In the lines below, output everything from the first line through the line containing "Sylvania SMPK2242 manual" exactly as it is. Pictures are not part of the output.
.....
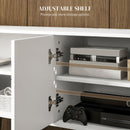 HOMCOM White TV Unit For 65 Inch TVs With 2 Open Shelves, Door And 2 Cable Holes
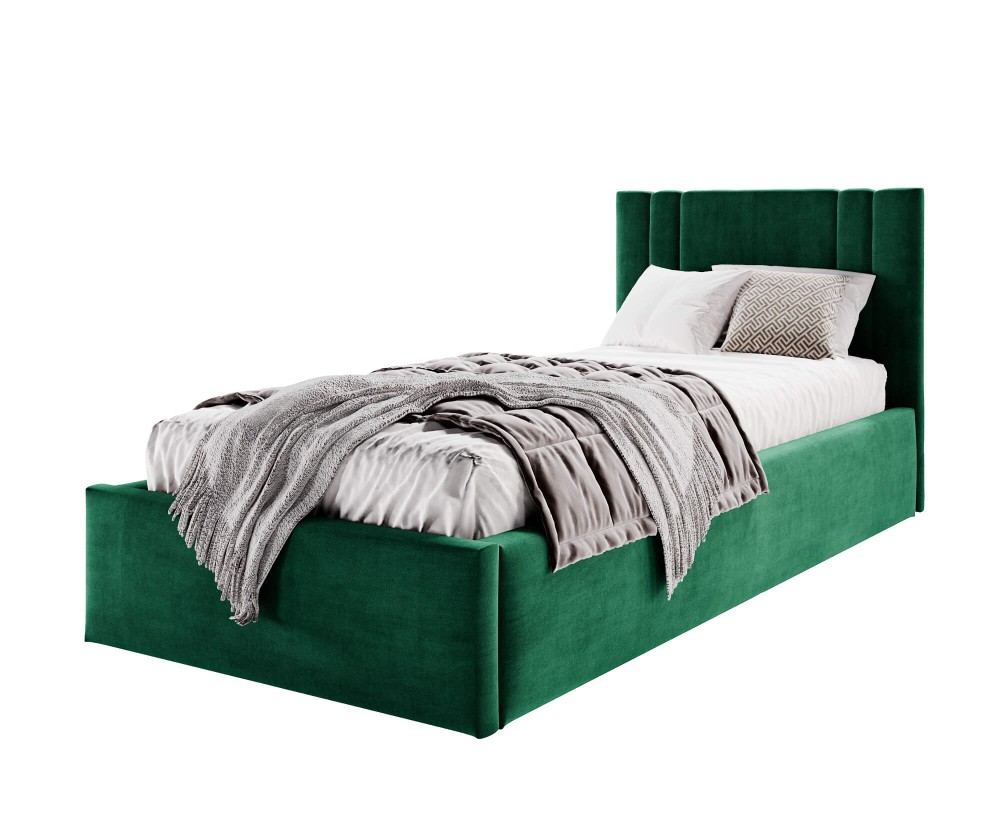 AZURO S08 Einzelbett 100x200 cm mit Bettkasten, Lattenrost und pflegeleichtem Stoff, vom Fußteil geöffnet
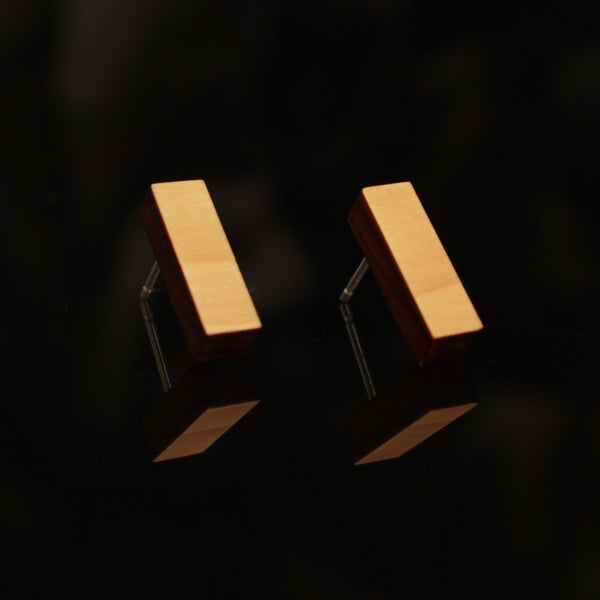 Mini-Rectangles - Small rectangle shaped wooden stud earrings - handmade in Ireland by Irish jewellery designer Rowena Sheen 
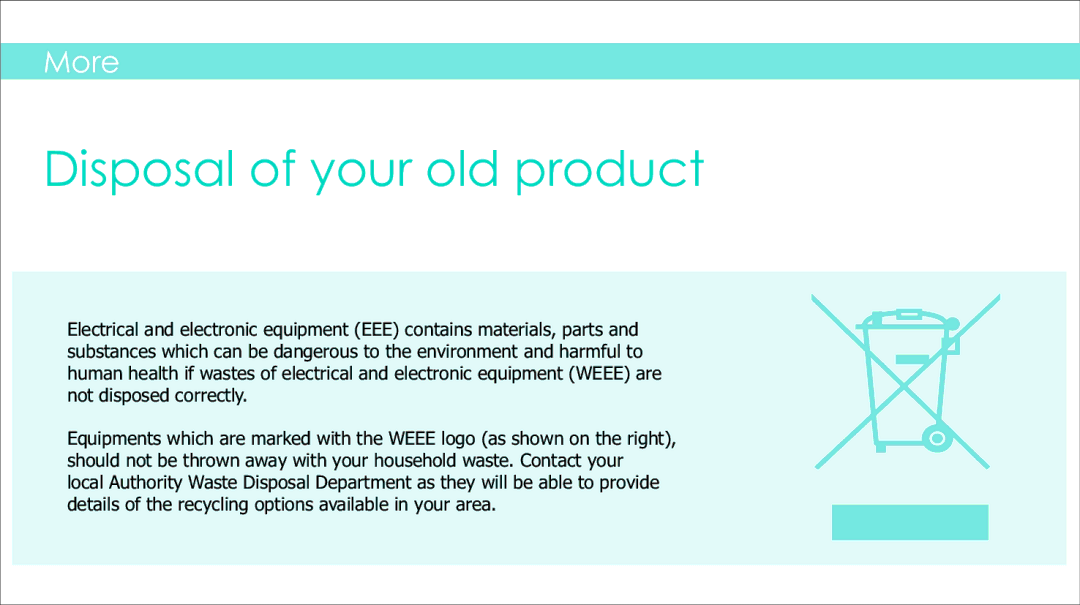 Sylvania SMPK2242 manual Disposal of your old product 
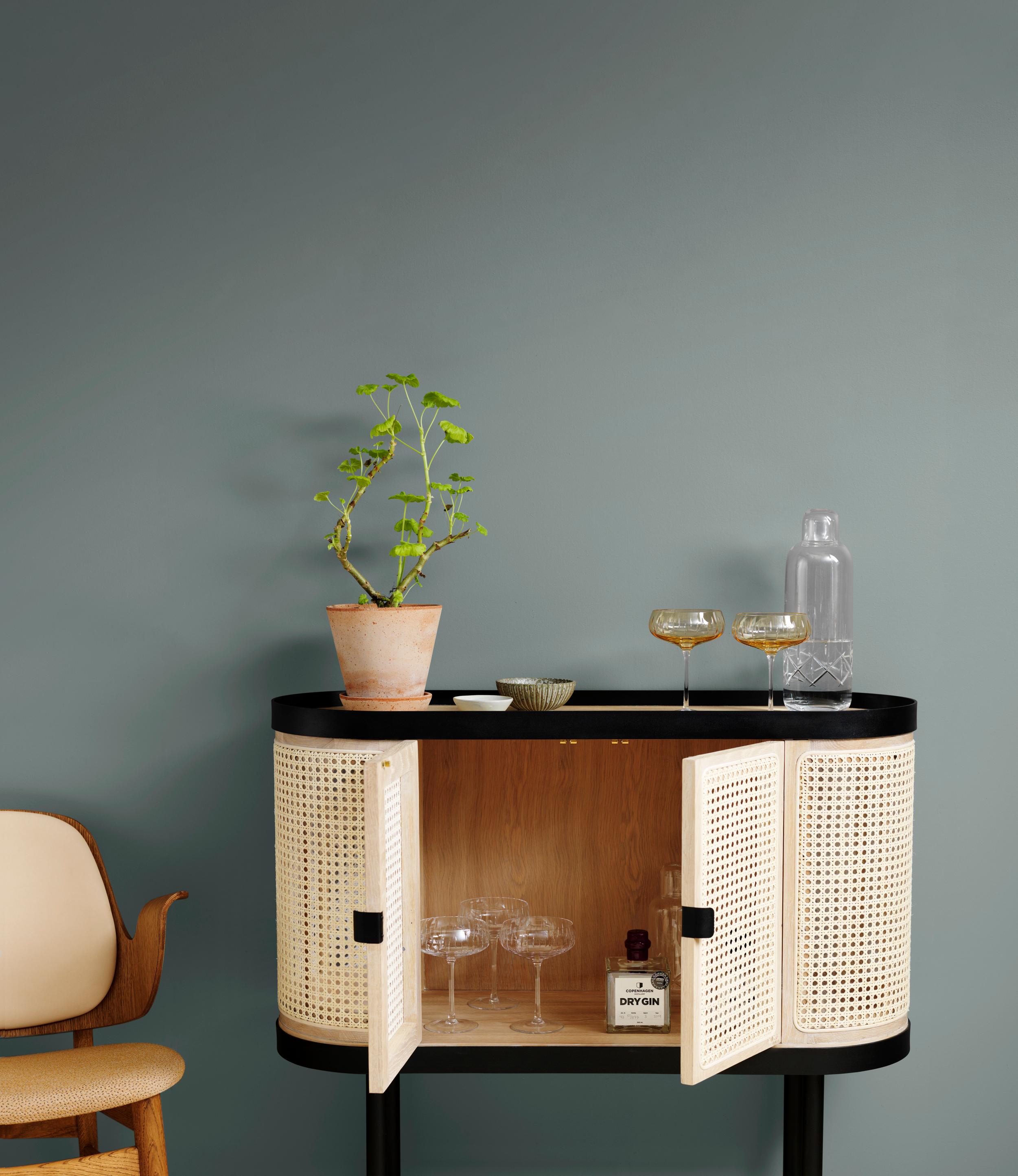 Scandinavian Modern Be My Guest Cane Bar Cabinet by Charlotte Høncke for Warm Nordic For Sale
.....
> Your solution
 HOMCOM White TV Unit For 65 Inch TVs With 2 Open Shelves, Door And 2 Cable Holes
 AZURO S08 Einzelbett 100x200 cm mit Bettkasten, Lattenrost und pflegeleichtem Stoff, vom Fußteil geöffnet
 Mini-Rectangles - Small rectangle shaped wooden stud earrings - handmade in Ireland by Irish jewellery designer Rowena Sheen 
 Sylvania SMPK2242 manual Disposal of your old product 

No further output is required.